Wie bedingen sich Resilienz und Effizienz – psychologisch und wirtschaftlich? Schlägt in der Wirtschaft Effizienz Resilienz? Oder ist es vice versa: Also, ist Resilienz The Next Big Thing? Wie Deutschland aufgestellt ist – insbesondere der Technologiepark Adlershof, darüber spricht Despina Borelidis mit Roland Sillmann, CEO und Bessie Fischer-Bohn, Personalleiterin der WISTA Management GmbH.
Frau Fischer-Bohn, Herr Sillmann, Sie sind beide schon viele Jahre in der Wirtschaft unterwegs und tragen viel Verantwortung: Welche Bedeutung hat Effizienz für Sie?
Roland Sillmann: Effizienz bedeutet, einen großen Effekt mit einem Minimum an Ressourcen zu erzielen – egal ob die Ressourcen dabei Fachkräfte, Geld oder Zeit sind. Effizienz ist deswegen auch grundsätzlich in vielen Lebensformen extrem erstrebenswert – nicht nur in der Wirtschaft.
Bessie Fischer-Bohn: Aus meiner Sicht ist Effizienz die Basis aller Wirtschaftsschulen des letzten Jahrhunderts. Ich verbinde Effizienz mit den großen Managementschulen und der Betriebswirtschaftslehre: möglichst effizient zu managen, möglichst wenig zu verschwenden. Gegipfelt hat dieser Ansatz im Total Quality Management.
Welche Rolle spielt Effizienz in Ihrem Alltag? Stichworte: Zeit, Wege, Geld: Lässt sich auch privat das Maximale mit dem Minimalen erreichen?
BFB: Eltern zu sein, ist eine gute Schule, darum sind Eltern häufig auch gut im Arbeitsleben. Und gerade wenn man in der Wirtschaft tätig ist, ist es natürlich verlockend, Effizienz auch aufs Privatleben zu übertragen. Aber die Formel geht nicht auf, es gibt alle möglichen Störfaktoren.
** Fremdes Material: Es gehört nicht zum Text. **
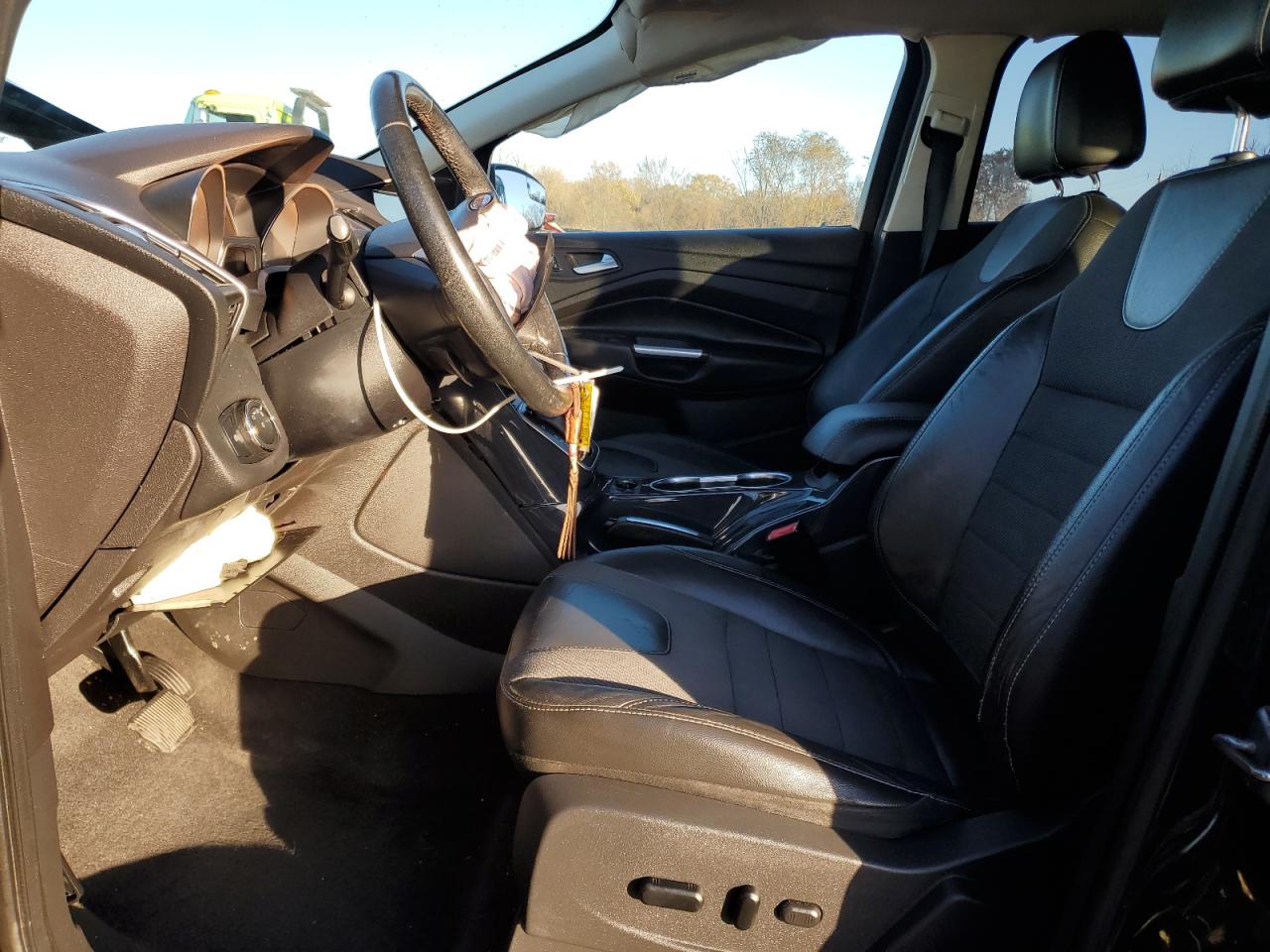 Ford Escape Titanium Image 14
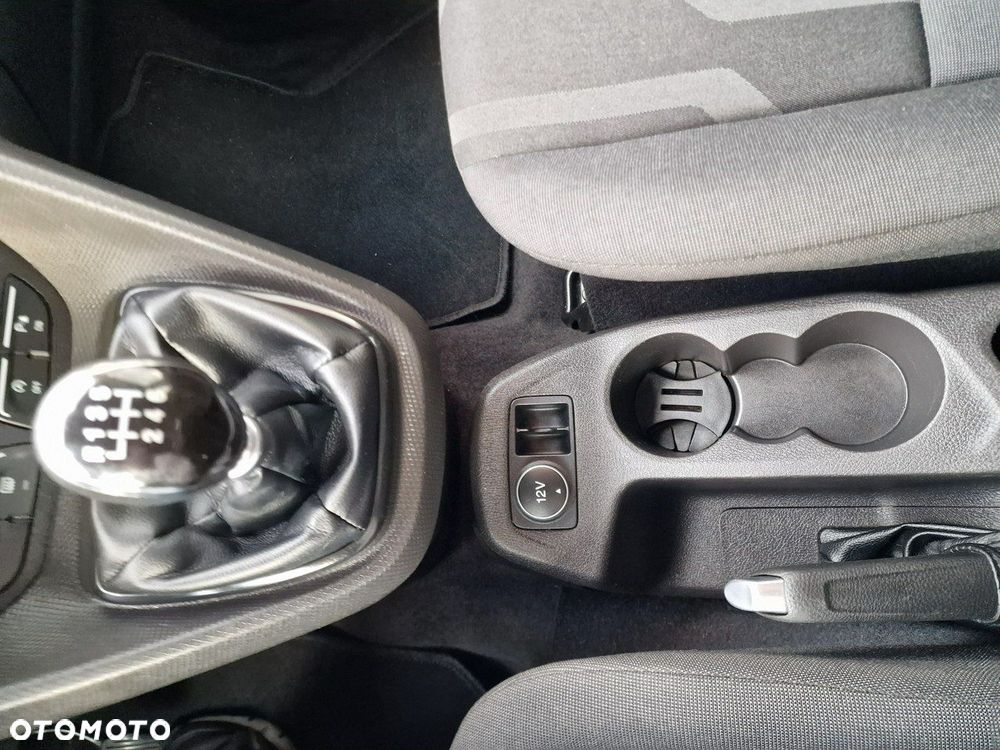 Ford Transit Connect - 32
Herr Sillmann, Sie nicken?
RS: Ja, wird Zeit als Ressource betrachtet, dann muss ich sehr effizient sein. Auch im Privaten: Ich muss Abläufe optimieren, um wiederum Zeit zu gewinnen. Im Japanischen bezeichnet man die Art der kostenverursachenden Verschwendung von Ressourcen als “Muda”. Eben diese Verschwendung zu minimieren, ist Ziel der Wirtschaft. Und das ist auch richtig. Die Frage ist nur: Welches Ziel will man erreichen? Ist es ein kurzfristiger Erfolg? Oder handelt es sich um langfristige Ziele? Bei zuletzt genanntem muss Resilienz dazugehören.
Es scheint, Resilienz ist seit einer Weile “The Next Big Thing” – ob wirtschaftlich oder psychologisch betrachtet. Genauer habe ich von diesem Trend in einem Interview mit einem Zukunftsforscher erfahren. Das war zum Ausbruch der Pandemie 2019. Seit wann beschäftigt Sie das Thema?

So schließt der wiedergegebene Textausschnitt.